Simplify Debugging of Manycore Systems

Use our self-invented iAMP approach (Integrated Asymmetric MultiProcessing) to debug an SMP capable CPU cluster in one GUI with synchronous run-control of all cores.

Trace Heterogenous and Homogeneous Multicore Systems in Realtime

Record traces from multiple cores simultaneously over the same trace port using a mix of heterogeneous or homogeneous processor architectures.

Multicore Debugging

Seamless Debugging of Any Multicore System

No matter what kind of multicore system you use, TRACE32® supports them all. Whether Symmetric Multiprocessing (SMP), Asymmetric Multiprocessing (AMP), Integrated Asymmetric MultiProcessing (iAMP), mixed AMP/SMP- and multi-chip-systems, or manycore architectures with over 1 000 cores, it doesn't matter. Our PowerView software with all it’s industry leading features remains your unified user interface for all chips and all cores.

Heterogenous Multicore Systems

AMP systems have multiple cores, each of which fulfills a separate task. Our PowerView software provides you with a consistent GUI and feature set for any mixture of Core architectures. You can debug all kinds of multicore configurations with up to 16 synchronized PowerView instances via a single debug probe.

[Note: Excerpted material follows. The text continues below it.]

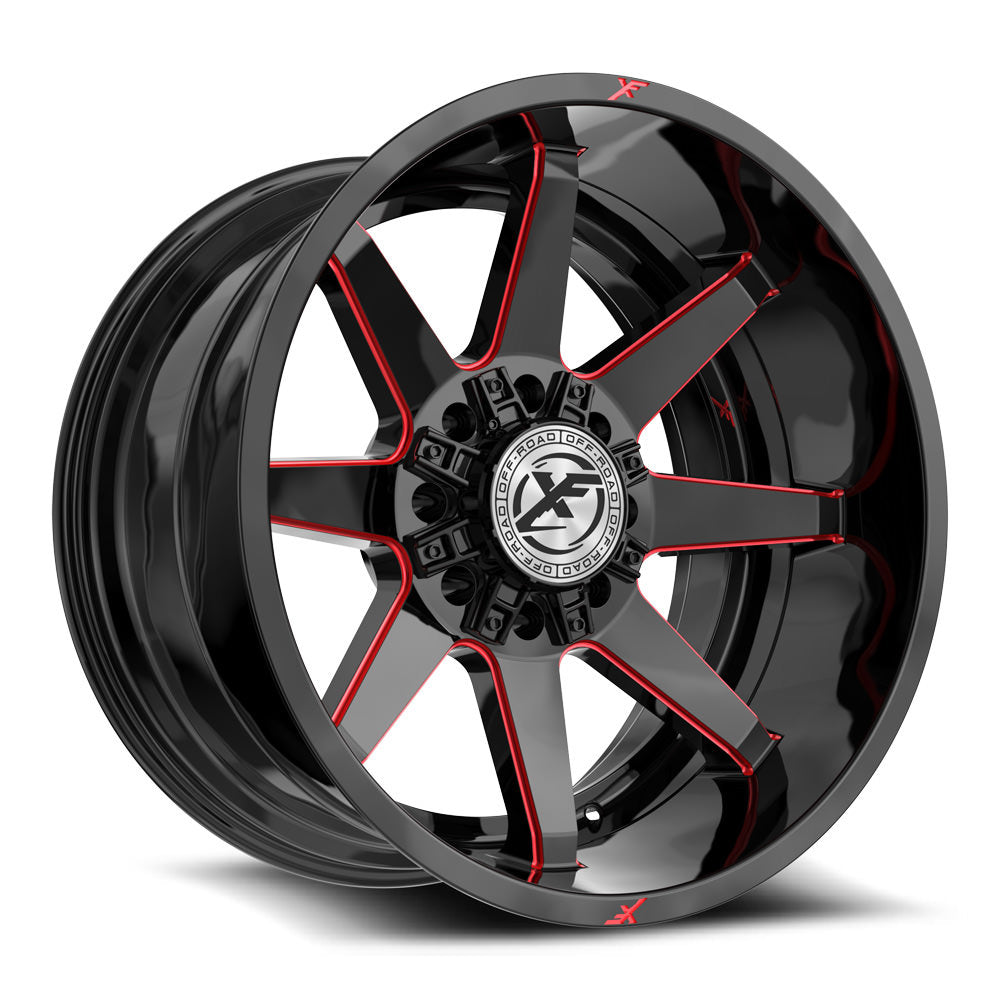 XF Off-Road XF-236 20x10 -24 8x165.1/8x170 Gloss Black & Red Milled XF-236201081651170-24GBRM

  • Heterogenous AMP Systems
    Within your system, each core may have its own core architectures, memory model, Operating System, address translation, and debug symbols as well as its own physical address space.
  • Multi-Chip AMP Systems
    Some embedded control units contain several separate multicore SoCs. You can combine them for debugging via a daisy-chain (JTAG), a star topology (cJTAG/SWD) or by using two whiskers with a CombiProbe.
  • Combined AMP/SMP Systems
    Multicore SoCs often contain an SMP cluster of identical high-performance application cores surrounded by a mix of cores with other CPU architectures for dedicated tasks.

Homogenous Multicore Systems

SMP systems have multiple cores serving a common goal, where all cores have exactly the same core architecture. Our PowerView software can debug all cores in one GUI, with or without operating systems or hypervisors, from 2 to 1 024 cores. You can start and stop all cores simultaneously - or focus on just one core.

  • SMP Cores as OS Resources
    In an SMP system, you can consider the CPU cores as execution resources of the target operating system. The focus of debugging is on the tasks being executed in parallel, rather than which core is actually executing which task.
  • Arm® DynamIQ Shared Unit (big.LITTLE)
    In a single PowerView GUI you can debug an SMP system with DynamIQ. DynamIQ combines high-perfomance cores with power-efficient cores allowing the operating system to power-down those cores not currently required to save energy.
  • Hypervisors Orchestrating Multiple OSes
    Today's SMP multicore clusters are often used by more than one operating system at a time, with a hypervisor protecting the physical memory. PowerView is at your side to debug even these most complex systems.

Manycore Systems

Manycore systems, known from high-performance computing, are a special form of multicore system and are typified by running multiple operating systems. The iAMP we invented now allows identical, logically coupled cores to be debugged via a single PowerView GUI instance with synchronous run-control of all cores.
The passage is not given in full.